In America, the middle class has shrunk by 11% since 1970's; however, the upper class grew by 7% and lower by 4%.
Your numbers are accurate, Anti, but we have to take a look at the methodology, because statistics can be used to prove pretty much anything.
So, let's take a look at context and precise framing of the research that arrived at these numbers.
It defines middle mass as those earning between two-thirds and twice the U.S. median household income, and upper class as those earning more than roughly double the median; such definition seems dubious to me because, in Polish realities, it would put me comfortably in the upper class which is, frankly, ridiculous, and I don't think this definition works in the US either. Here's why...
- median household income today is higher than in the 1970s, but not by a margin that offsets rising costs in key categories;
- the most important categories have outpaced income growth:
-- housing prices grew far faster than wages
-- healthcare, much faster
-- higher education, explosive growth
-- childcare and health insurance also saw very large increases.
These are
non-optional expenses (well, maybe with the exception of higher education) which means that these days households struggle more with foundational costs. Therefore, even some of those who - according to the research you cited - are in the "upper class" today can afford significantly less when it comes to foundational costs than "middle class" members in 1970s. And that's
after 50 years of liberal capitalism, which we are told is supposed to increase the financial well-being of societies!

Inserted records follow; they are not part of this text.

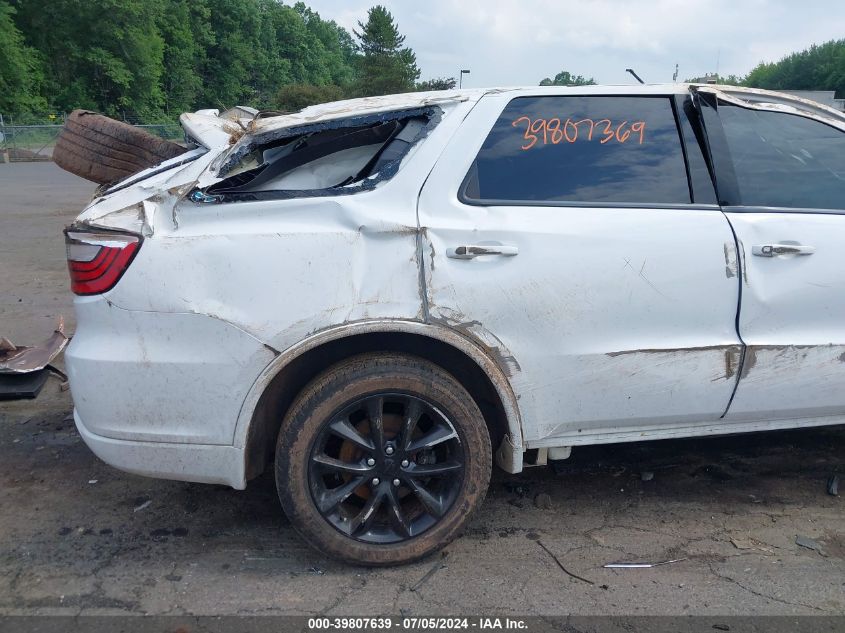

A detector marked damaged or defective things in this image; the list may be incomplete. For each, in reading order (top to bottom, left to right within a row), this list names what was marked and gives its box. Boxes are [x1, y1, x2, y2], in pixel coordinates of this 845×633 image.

shattered window [200, 110, 432, 201]
shattered window [462, 95, 692, 204]
shattered window [716, 105, 844, 210]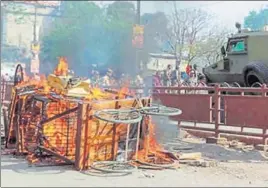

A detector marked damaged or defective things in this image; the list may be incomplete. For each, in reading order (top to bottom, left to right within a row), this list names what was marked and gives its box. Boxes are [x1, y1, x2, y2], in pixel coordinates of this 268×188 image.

damaged structure [3, 58, 181, 174]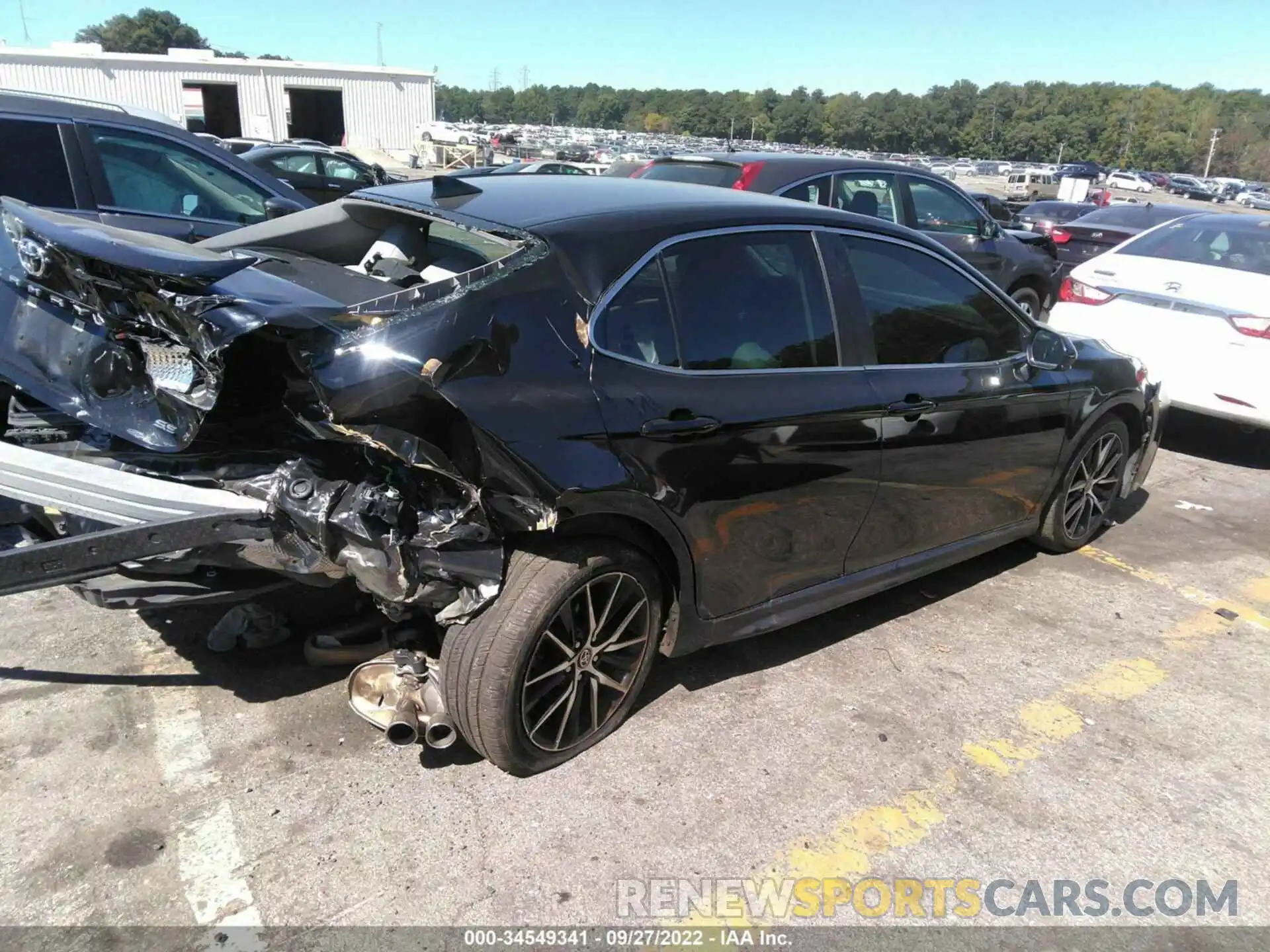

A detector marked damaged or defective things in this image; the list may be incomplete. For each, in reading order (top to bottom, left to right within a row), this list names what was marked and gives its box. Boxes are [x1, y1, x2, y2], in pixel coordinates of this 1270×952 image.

broken taillight [736, 161, 762, 190]
broken taillight [1058, 278, 1117, 307]
broken taillight [1228, 316, 1270, 338]
severe rear damage [0, 194, 566, 629]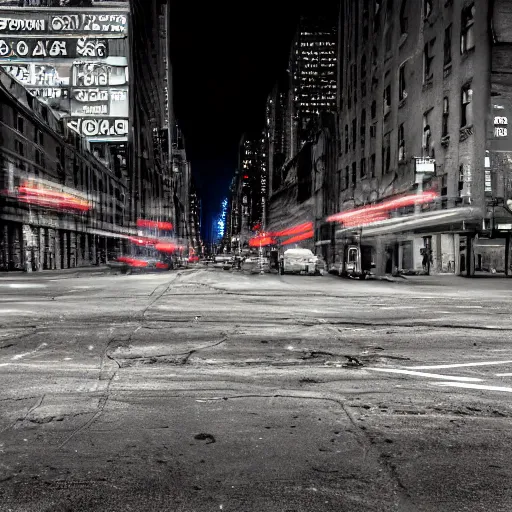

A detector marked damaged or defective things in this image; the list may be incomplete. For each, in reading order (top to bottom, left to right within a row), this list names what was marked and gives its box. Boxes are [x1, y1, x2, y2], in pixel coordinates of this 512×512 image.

cracked pavement [1, 268, 512, 512]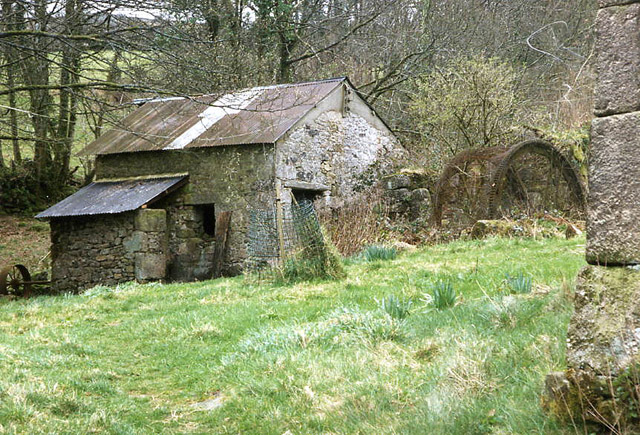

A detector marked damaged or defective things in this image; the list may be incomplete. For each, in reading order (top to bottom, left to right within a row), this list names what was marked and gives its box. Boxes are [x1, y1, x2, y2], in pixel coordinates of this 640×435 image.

rusty metal roof panel [79, 78, 344, 157]
rusty metal roof panel [35, 176, 186, 220]
rusty water wheel [0, 264, 32, 298]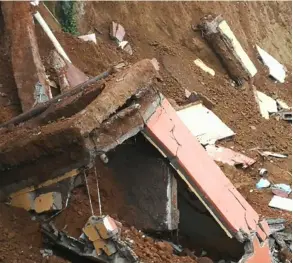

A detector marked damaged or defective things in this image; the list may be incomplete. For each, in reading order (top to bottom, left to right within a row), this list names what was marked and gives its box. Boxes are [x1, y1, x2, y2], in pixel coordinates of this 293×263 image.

broken concrete wall [0, 1, 50, 111]
broken masonry block [1, 0, 51, 111]
broken tile [194, 58, 214, 76]
broken masonry block [197, 15, 256, 84]
broken tile [256, 44, 286, 83]
broken tile [175, 103, 234, 145]
broken tile [256, 91, 276, 119]
broken tile [204, 145, 254, 168]
broken masonry block [33, 192, 62, 214]
broken tile [34, 192, 62, 214]
broken concrete wall [100, 135, 178, 232]
broken tile [268, 197, 290, 213]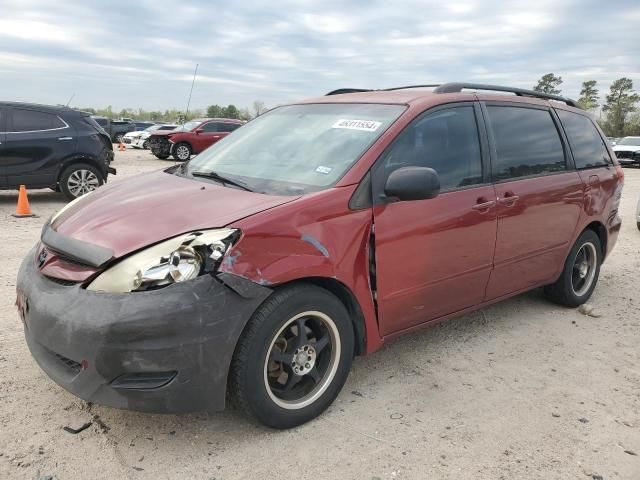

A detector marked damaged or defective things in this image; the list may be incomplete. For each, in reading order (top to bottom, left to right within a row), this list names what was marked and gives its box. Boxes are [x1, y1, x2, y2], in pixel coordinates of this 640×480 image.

exposed headlight housing [87, 228, 240, 292]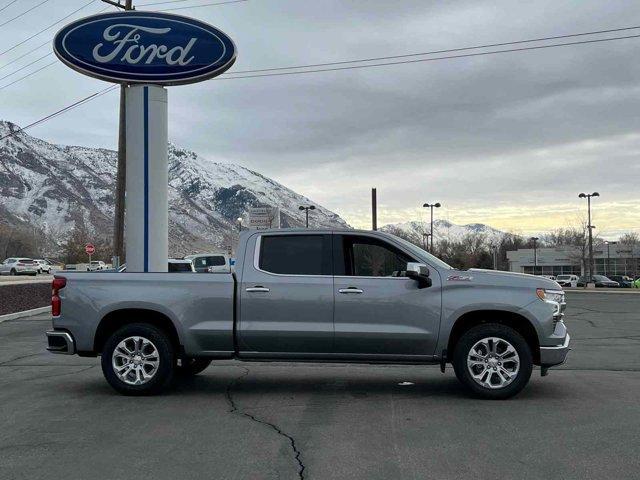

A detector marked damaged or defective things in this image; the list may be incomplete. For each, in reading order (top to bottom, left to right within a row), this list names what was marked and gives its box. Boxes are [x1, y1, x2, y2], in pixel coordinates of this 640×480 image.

asphalt crack [225, 366, 304, 478]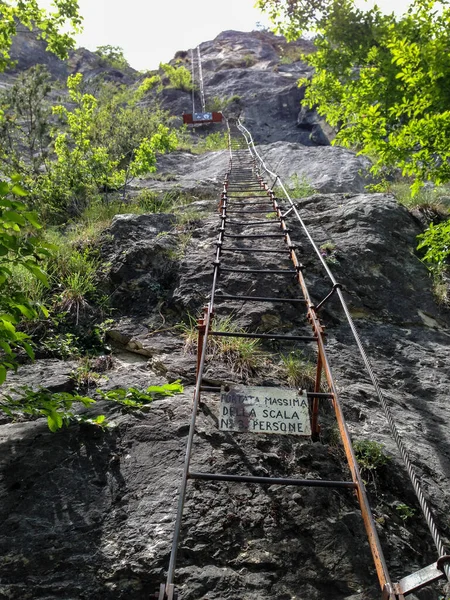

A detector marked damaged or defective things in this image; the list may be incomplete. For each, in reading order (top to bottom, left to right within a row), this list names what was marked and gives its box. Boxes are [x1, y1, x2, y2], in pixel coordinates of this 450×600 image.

rusty metal rail [156, 123, 450, 600]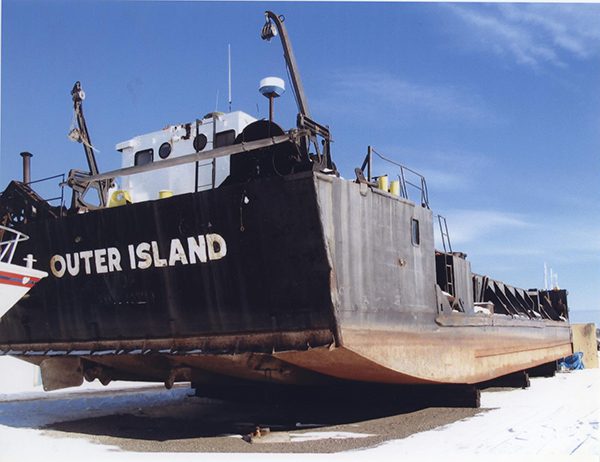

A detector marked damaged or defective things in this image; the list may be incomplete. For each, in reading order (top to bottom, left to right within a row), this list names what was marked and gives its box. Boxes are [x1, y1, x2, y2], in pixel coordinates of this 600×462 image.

rusty hull bottom [15, 320, 572, 392]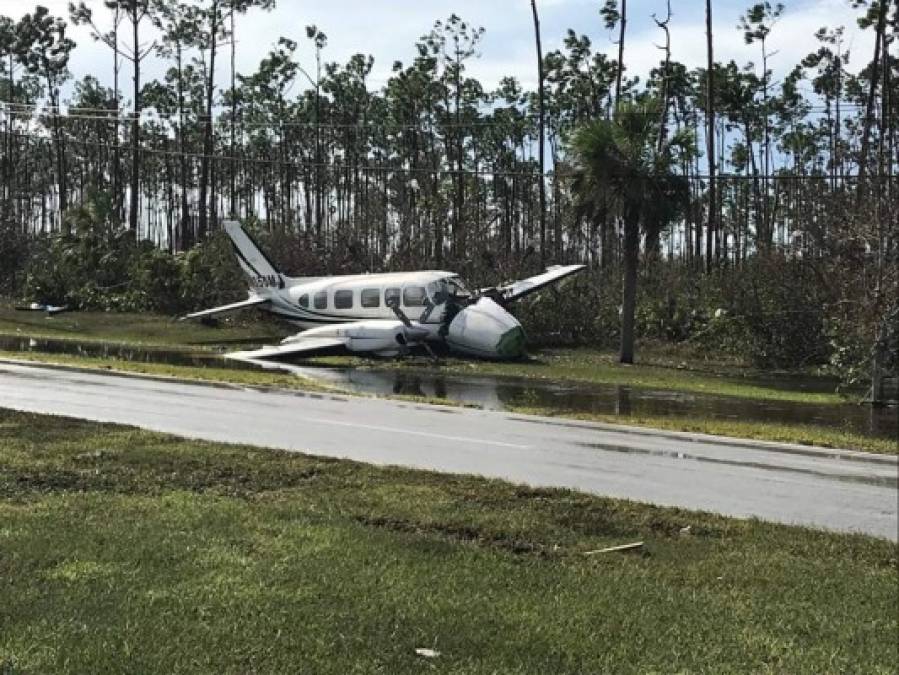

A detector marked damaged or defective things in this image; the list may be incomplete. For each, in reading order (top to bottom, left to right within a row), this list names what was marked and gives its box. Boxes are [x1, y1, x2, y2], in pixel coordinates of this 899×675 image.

crashed small aircraft [186, 222, 588, 362]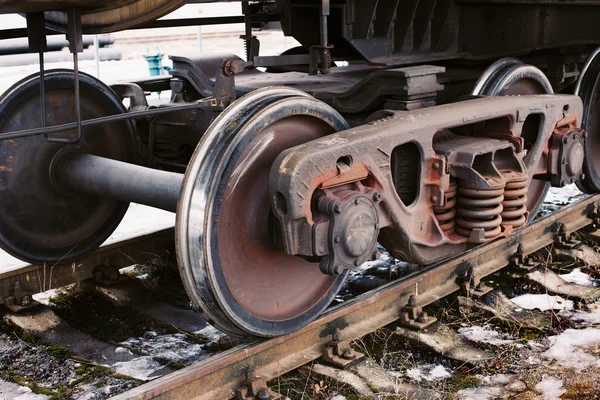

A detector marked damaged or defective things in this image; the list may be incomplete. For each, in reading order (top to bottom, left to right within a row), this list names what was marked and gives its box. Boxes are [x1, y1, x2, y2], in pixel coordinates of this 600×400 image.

rusty train wheel [0, 70, 136, 264]
rusty train wheel [176, 87, 350, 338]
rusty train wheel [474, 59, 552, 220]
rusty train wheel [576, 47, 600, 195]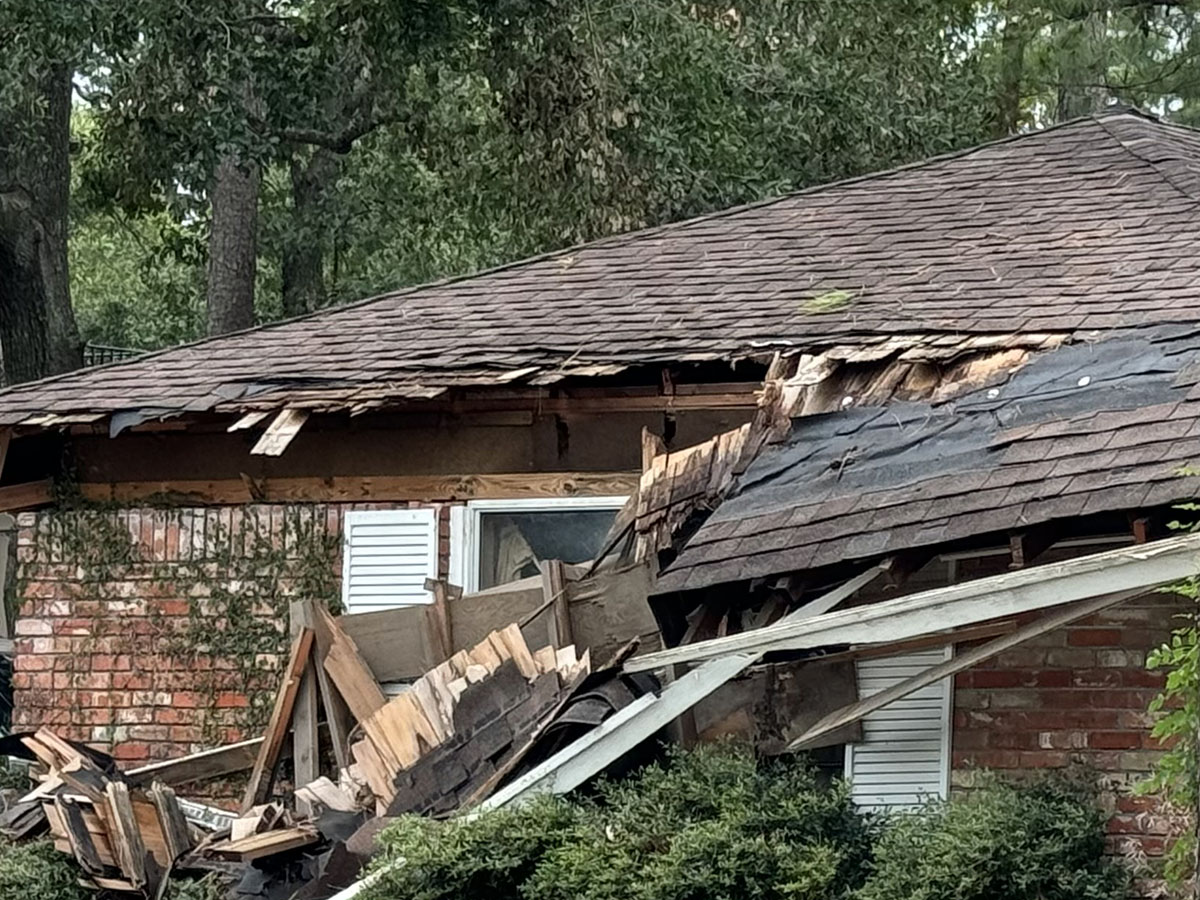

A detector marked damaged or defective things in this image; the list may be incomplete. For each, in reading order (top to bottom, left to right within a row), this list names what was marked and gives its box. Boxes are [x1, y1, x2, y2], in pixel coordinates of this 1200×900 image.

damaged roof [7, 109, 1200, 427]
damaged roof [662, 328, 1200, 595]
splintered wood [348, 624, 590, 820]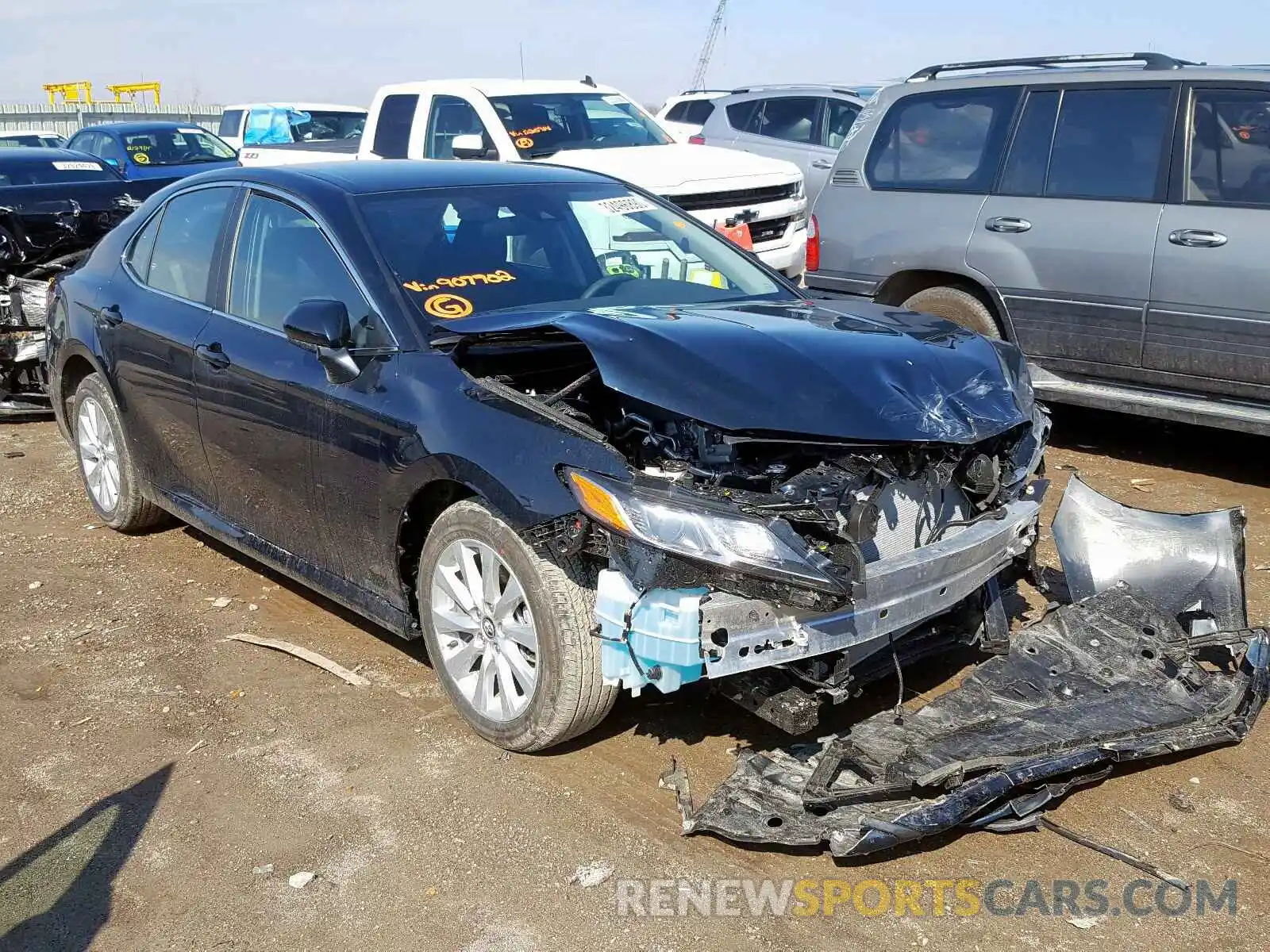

So, to sum up - in the US since 1970s, we've had a growing lower class (by about 4%), a hollowed-out middle (by 11%), with much less financial buffer than its 1970s counterpart, and 7% growth in the so-called "upper class" which - in the adopted methodology - consists in significant part of people who can afford
less than middle class members in 1970s could (after half a century of capitalism!).
If this is happening in the richest country of the world and the centre of world liberal capitalism, then it means something is fundamentally wrong with the system.